In terms of new features, well,
You already know the Start menu is back. It’s somewhat different than the Windows 7 start menu, but in the long run, more flexible and customizable. (And I expect Classic Shell to work on 10 as well if you want your Windows 7, XP or even Windows NT style start menu).
OneDrive appears to be back, and working the way we expect, as opposed to whatever it was they did to it in Windows 8.1.
The Spartan Browser? Meh. To be honest, I’m happy with Chrome, so I’m not really sure yet WHY I need Spartan, but I’ll give it a chance.
As a web developer, it’s one more browser I need to test against, and yes, Ask Leo! seems to come up on it OK.
I wasn’t able to test Cortana, because I couldn’t get the microphone to work in my virtual machine. Typed search seemed to work as expected – as good as Windows 8.
Yes, there are … issues. Decisions, really.
For example, no more media center.
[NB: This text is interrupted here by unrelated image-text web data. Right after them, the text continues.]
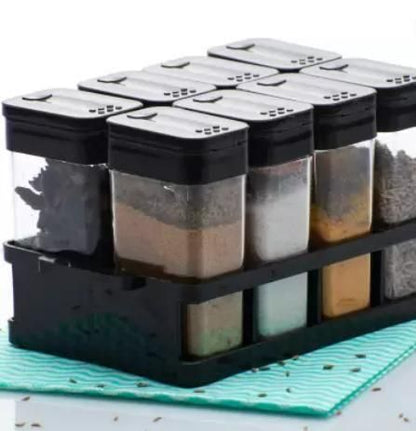 Compact 6-in-1 Spice Storage Container Set with Rotating Stand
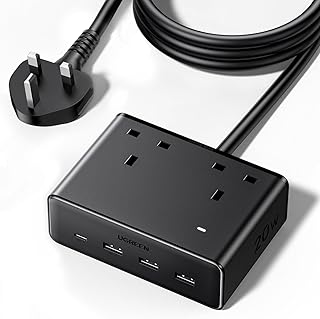 Extension Cord with 4 USB Slots, 2 Way 2990W Max Multiple Plug with 1.5m Extension Plug, Compatible with iPhone 16/15, iPad Pro/Mini, Laptop, Docking Sation, ect Suitable for Home/Office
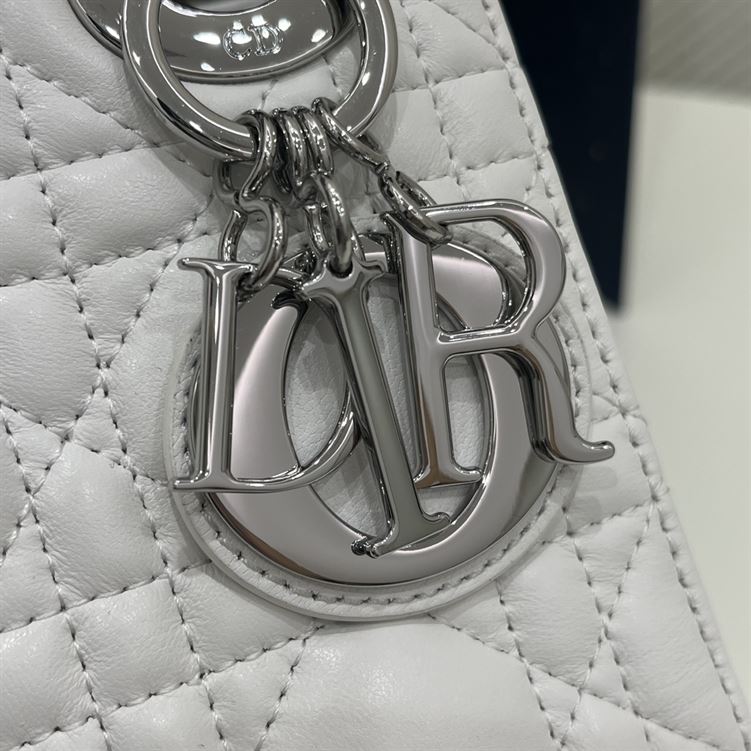 Mini Lady Dior Bag Latte Cannage Lambskin - Image 10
Microsoft has simply canceled that project.
Also, those who have Home edition of Windows 10 will not be able to defer updates … updates will be installed when they’re made available. Pro and better users will be able to defer updates as before. Yet another reason I always recommend Pro or better when choosing a Windows edition.
So overall to me, it looks very promising, and a solid platform for the future. I am looking forward to it.
So the big question: SHOULD YOU UPDATE?
Today, absolutely not. It’s not done. It’s not released, it’s not supported. Unless you’re a geek who knows how to evaluate it safely – such as in a virtual machine, as I’ve done – then you should simply wait.
There’s no compelling reason to update right now, and every reason for the average consumer not to.
So, what about July 29th?
I’ll throw out a qualified “maybe”.
First: if you’re getting a new machine and it comes with Windows 10 – go for it. I see no reason not to let Windows 10 be there.
I wouldn’t necessarily delay getting a machine specifically to get Windows 10. Yes, the upgrade will take a little work when the time comes, but it’ll be free if you do it within a year, so … you have a year.
For existing machines, I’d actually have most folks wait a month or two as a kind of cautious “let’s see how it goes” when it’s really released.
Complex software like this is bound to still have issues that won’t become apparent until it hits the street.
Assuming it’s relatively solid, then after a couple of months – say September or October if the schedule holds – I’d divide the world into three buckets:
- XP and Vista users: if your machine supports it; if the software you need to run runs on Windows 10, then I’d upgrade. Get current & more importantly get supported.
- Windows 7 and Windows 8 users that are content: I’d take my time. Sort of an “if it ain’t broke don’t fix it” kind of deal. Yes, I’d probably have you upgrade eventually, but that’s as much to take advantage of the free upgrade than anything else.
- Unhappy Windows 8 users: upgrade. Just do it. I’m sure there will be things about 10 that still irritate you, but my sense is that there will be far fewer of them.
And in ALL cases: when you upgrade, BACK UP FIRST. Image backup – the entire machine.
Operating systems are incredibly complex – simply because there are hundreds of thousands – maybe millions – of possible combinations of hardware and configurations.
Somewhere, something will go wrong for someone,
If that someone is you, you’ll be glad you have a backup you can restore to.